From a pastor quietly suggesting her family would be “happier” at a different church; to being prevented from taking part in ballroom dancing classes, she was constantly reminded of the fact she was different.

The Washington March was not the first time she heard King speak. Her parents were close friends with Jackie Robinson – the first African American baseball player to break the sport’s colour barrier.

The Robinson family, who lived nearby, held jazz music parties to raise funds for the civil rights movement and King himself delivered a speech at one such event.

“I never got to speak to him personally but I remember he was very charismatic,” Ms Allen recalls.

In the mid to late 60s, Ms Allen became a civil rights activist and took part in a series of protests while studying at Harvard University.

During this time, she had doubts over the effectiveness of King’s non-violent approach, preferring the more combative views of Malcolm X.

However, news of King’s assassination on April 4, 1968, shook her to the core.

“I was home on Spring Break when King was assassinated,” she says. “I was driving up the hill when I heard and I almost ran off the road. I was utterly devastated.
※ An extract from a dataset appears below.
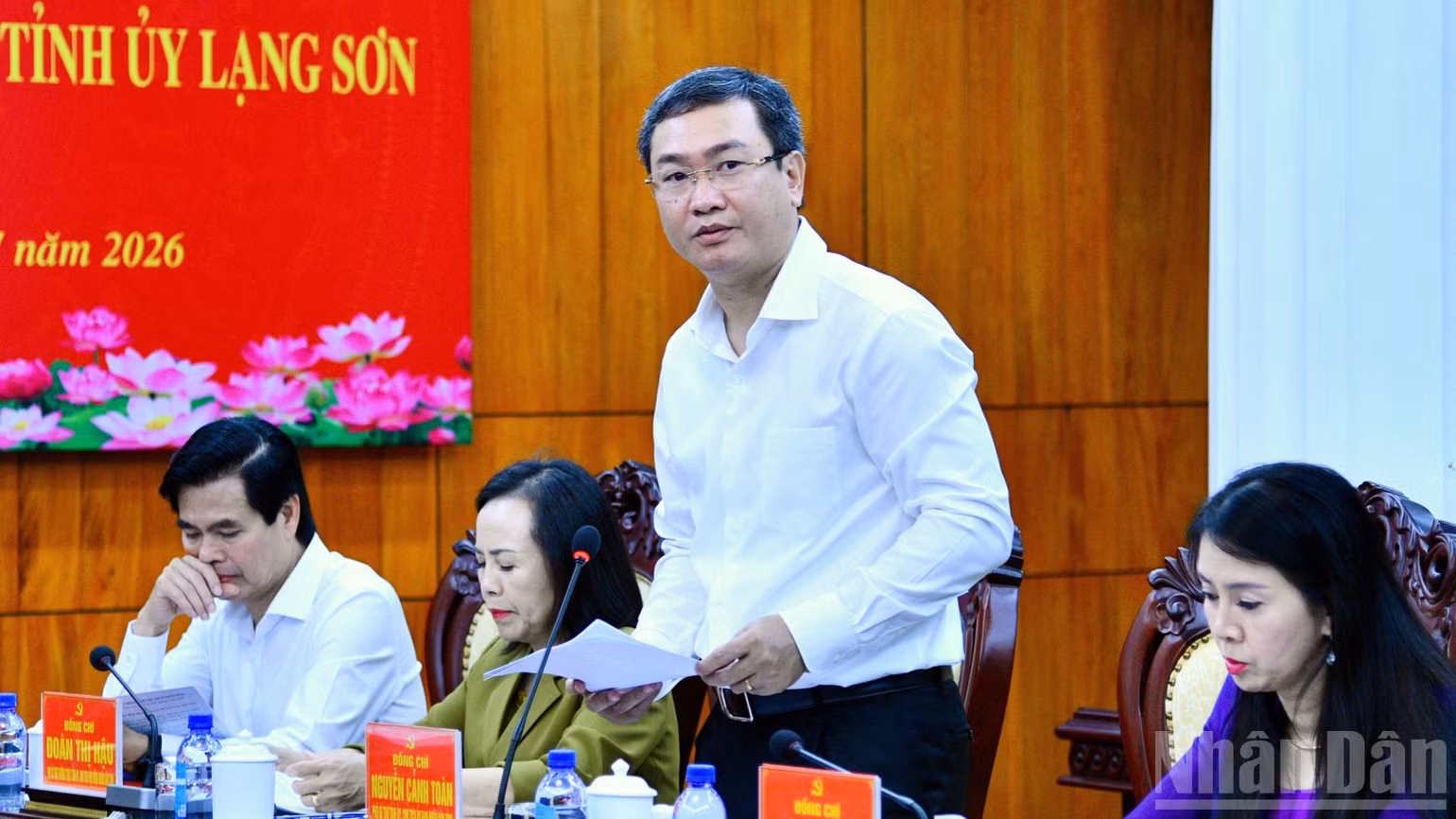 Lãnh đạo Tỉnh ủy Lạng Sơn báo cáo Thủ tướng Chính phủ tại cuộc làm việc. (Ành: Thanh Giang)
He was the best of us and the best of America.”

She describes the 1960s and 70s as an unsettled time and vividly recalls the stab of fear she experienced when she passed a road sign for Birmingham, Alabama, the scene of the racially motivated church bombing that killed four black children.

Music proved a tower of strength to her and her fellow activists.

On the day of King’s famous speech, his supporters marched through the streets singing old slave songs, while songs by black artists such as Nina Simone that tackled racial persecution became instant anthems.

She adores jazz and soul music and, after a successful career in the film industry, which saw her become the first female African American member of the Hollywood Director's Guild, she is exploring this passion as an author.

In her latest book, Soul Music: The Pulse and Race of Music, she asks whether the pitched battles between “our music” and “their music” of her youth are alive today.

Ms Allen remains committed to the dream King shared with the world on that sweltering day in 1963 and, while she recognises progress has been made, she believes there is still a long way to go to eradicate racism.

Quoting from King, she states: “1963 is not an end, but a beginning.”